No, you are a character in a book!

Every time I just want to shout: But you are a character in a book!

How ridiculous for an author to have their characters compare their life to other stories, breaking down the imaginary world and flat out reminding me that I’m reading fiction? Being specific and comparing your drama to Hamlet or your overbearing parent to 1984 is one thing, but the generic, “felt like the twisting plot of an action movie” is just bad.

One book I was reading did it multiple times, using it as an excuse to explain plot lines.

Another book literally said, “as if I were a character in a sci-fi.” She was a character in a sci-fi!

Ug. I cringe every time as a reader.

But as a writer, I’ve done it myself. I was working on editing one of my novels recently (a task I always seem to take up again and never seem to finish) and came across several instances where I did it. Cringe. Marked for editing.

I can see how it might be a natural reaction. We’re so inundated with stories that it’s only normal to compare our lives to them. But it just kills the illusion and world building that happens in fiction. It’s lazy. Find another way to say it.

Lessons from a Reader: Make ’em Expendable

I love gripping stories. I love reading a book I can’t put down, where I have to know what happens. A good tense story is often better than most movies. That’s something I talk about in 137 Books in One Year—the value of knowing what you love and pursing it as a reader.

So as a writer, one of the things that heightens the tension in a story and makes it so gripping is when you’re willing to make characters expendable.

Yes, killing off characters makes for better stories.

As you can imagine, this post is going to be full of spoilers. So get used to it.

I experience this recently in the zombie thriller Feed by Mira Grant. She created a post-zombie uprising world that hasn’t descended into the post-apocalyptic. Instead, people find ways to live with zombies, which mostly involves fear, lots of blood tests and guns. More than a story about zombies, Feed is the story of a trio of bloggers following a presidential campaign and uncovering a massive conspiracy.

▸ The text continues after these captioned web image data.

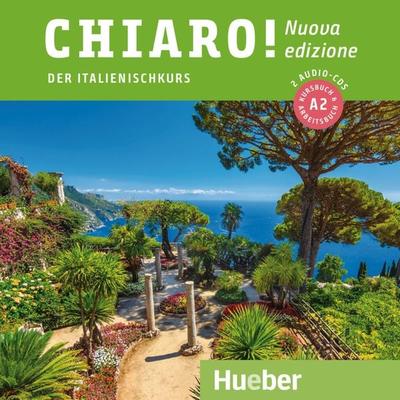 Chiaro! A2 – Nuova edizione - Giulia de Savorgnani,Cinzia Cordera Alberti, CD, 9783192854491
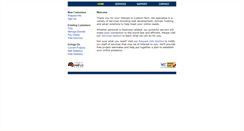 Desktop Screenshot of custom-tech.net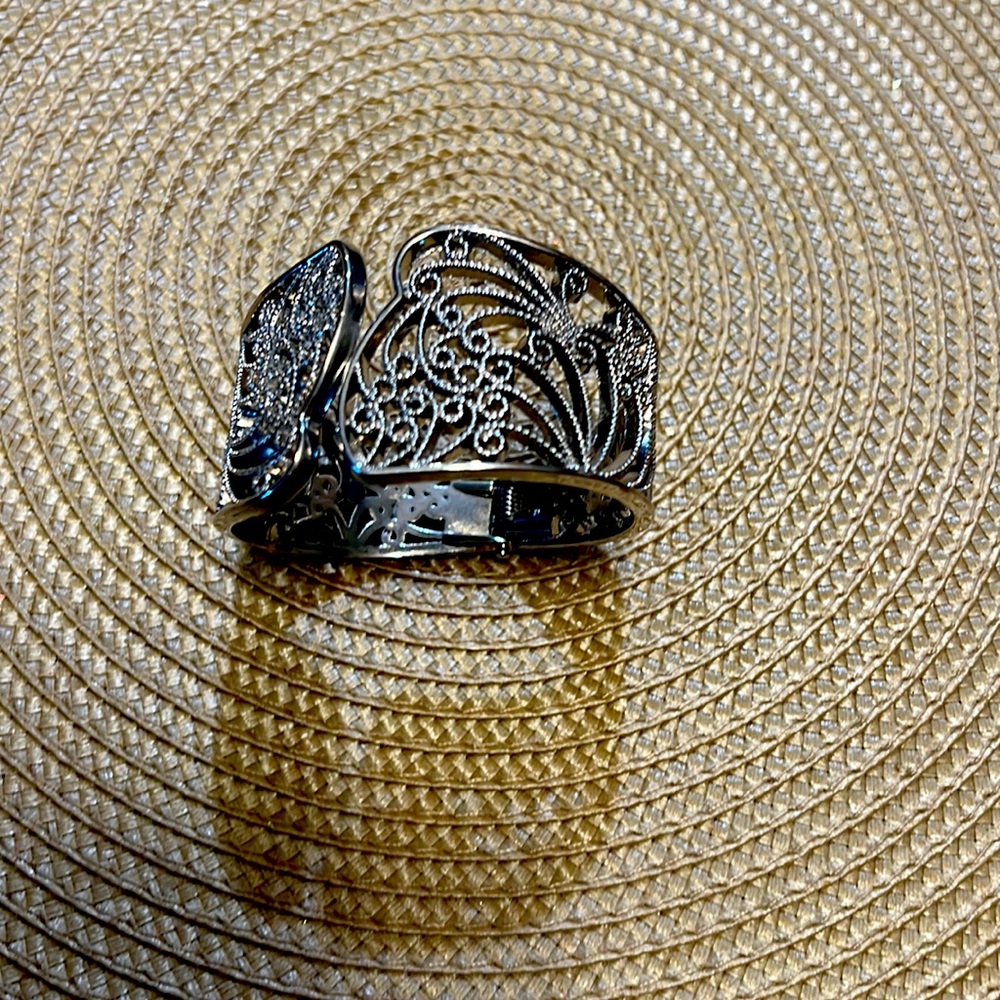 Silver bracelet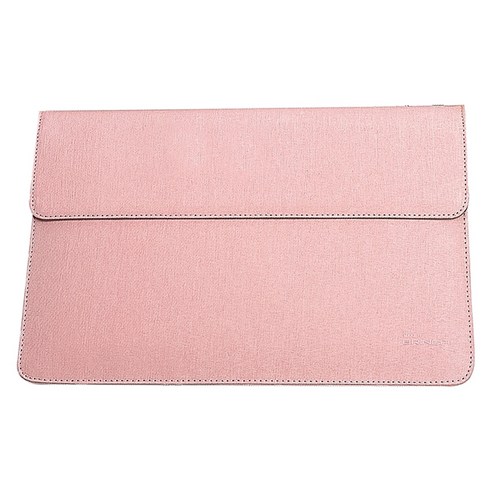 BAGnBAGs 심플스타일 슬림 노트북 파우치 가로형 NB-S88, 핑크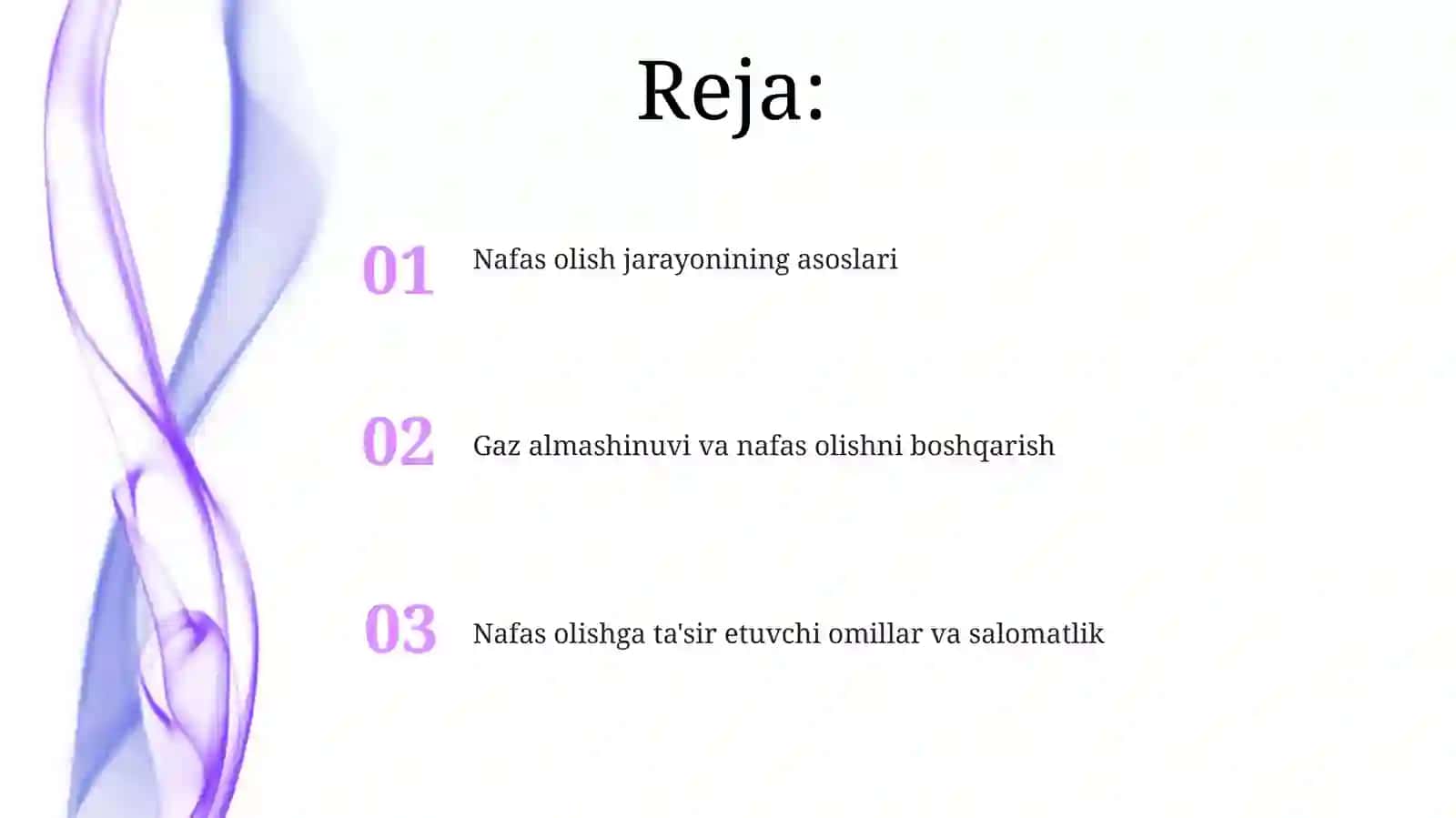 Nafas olish jarayoni 2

Sidebar: In the post-zombie world bloggers come in a few stripes: Newsies who are your typical factual reporters, Fictionals who create fictional stories, and Irwins who pursue first-hand encounters with zombies. The Steve-O award is bestowed on deserving Irwins. Took me three-fourths of the way through Feed before I realized what Irwins was referring to. Get it? Brilliant.

Feed Spoilers
As the tension rises in Feed, people start dying. That’s pretty typical for a zombie story. But when one of the three primary bloggers in the story is killed, you know the stakes are high. At this point in the story, killing Buffy was pretty intense. It shook up the world for our two remaining bloggers, siblings Georgia and Shaun. But we still had those two. The story really gets intense when one of them dies. Killing two of your three main characters? Whoa. That puts the tension through the roof.

What’s perhaps more interesting is that writer Mira Grant chose to kill of Georgia, who had served as the story’s narrator. Not only did she kill off a main character with 75-some pages to go, but she killed off the freakin’ narrator.

That might seem like taking things too far. In Feed, it worked. Grant also turned the story into a trilogy that continues without two of her three main characters, or the primary narrator for the first book. That’s bold. I’ll let you know if it works.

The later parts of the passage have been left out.